About this task
Because the copy must hold no pictures, return the data below with all of its words intact.

Study material
====

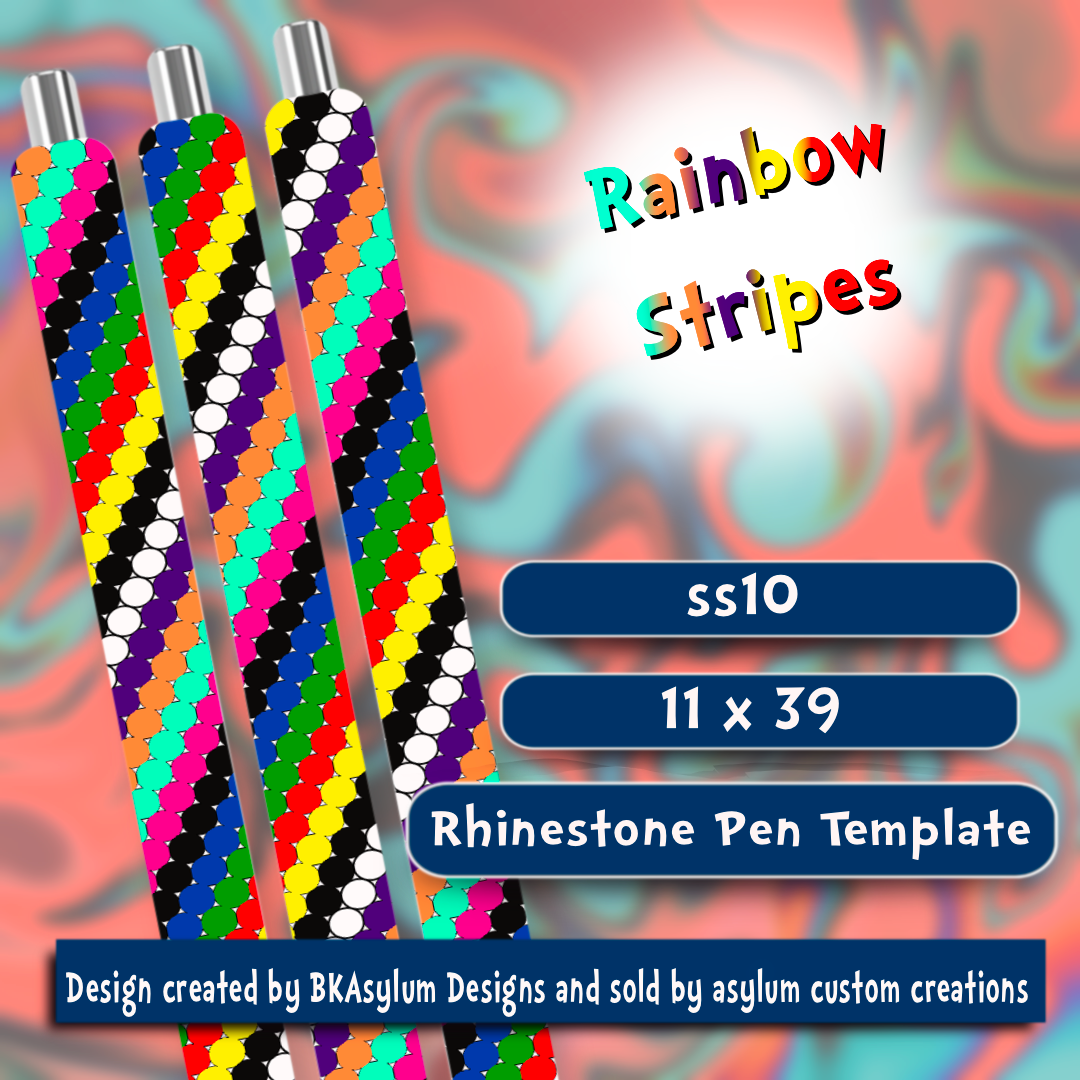 Rainbow Stripes Rhinestone Pen Template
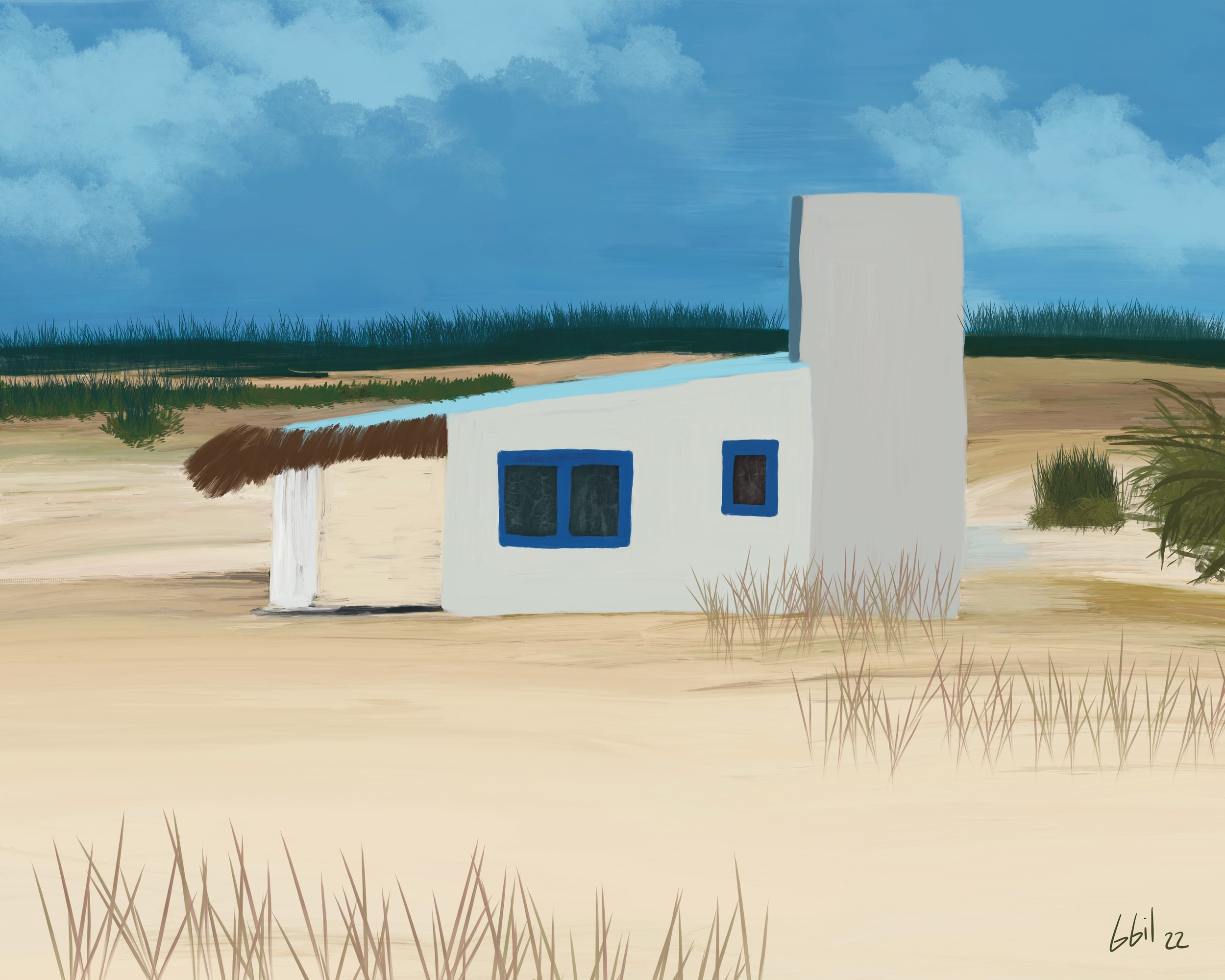 Minimal Desert House by GIovanna Gil Alves — canvas wall art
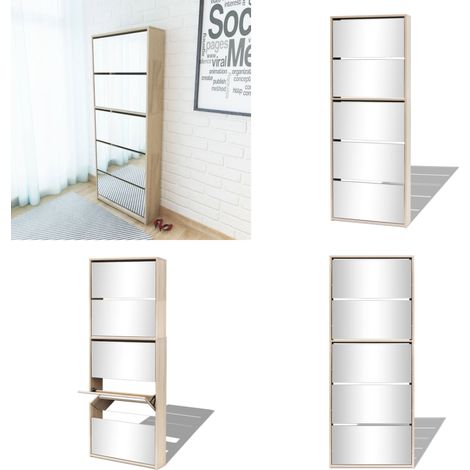 Schuhschrank mit 5 Fächern Spiegel Eiche 63x17x169,5 cm - Spiegel-Schuhschrank - Schuhschrank - Eichenholz - Garderobe - Flurumgebung - Home & Living (1/5)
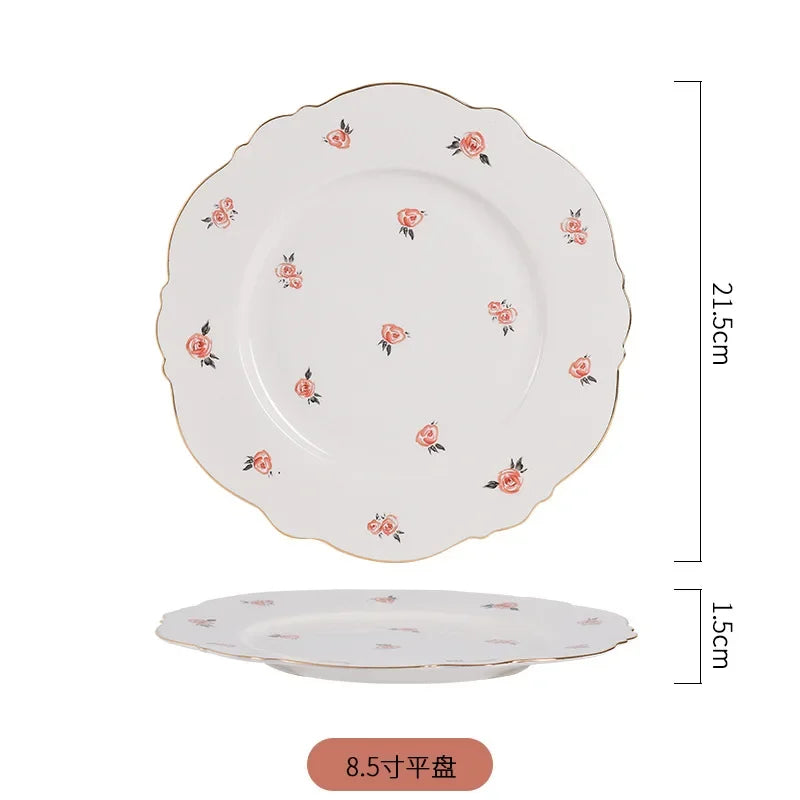 Creativity Plates and Bowls Set Kawaii Scoop Plate Elegant Phnom Penh Ceramic Bowl Set Household Salad Bowl Spoon Steak Plate
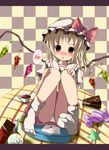  :o blonde_hair blush bow cake candy checkered checkered_background chocolate flandre_scarlet food hat hat_bow highres kazura letter lollipop looking_at_viewer md5_mismatch panties red_eyes scales sitting skirt slice_of_cake socks solo speech_bubble spoken_blush star swirl_lollipop table touhou underwear white_panties wings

====

Task output
 Rainbow Stripes Rhinestone Pen Template
 Minimal Desert House by GIovanna Gil Alves — canvas wall art
 Schuhschrank mit 5 Fächern Spiegel Eiche 63x17x169,5 cm - Spiegel-Schuhschrank - Schuhschrank - Eichenholz - Garderobe - Flurumgebung - Home & Living (1/5)
 Creativity Plates and Bowls Set Kawaii Scoop Plate Elegant Phnom Penh Ceramic Bowl Set Household Salad Bowl Spoon Steak Plate
  :o blonde_hair blush bow cake candy checkered checkered_background chocolate flandre_scarlet food hat hat_bow highres kazura letter lollipop looking_at_viewer md5_mismatch panties red_eyes scales sitting skirt slice_of_cake socks solo speech_bubble spoken_blush star swirl_lollipop table touhou underwear white_panties wings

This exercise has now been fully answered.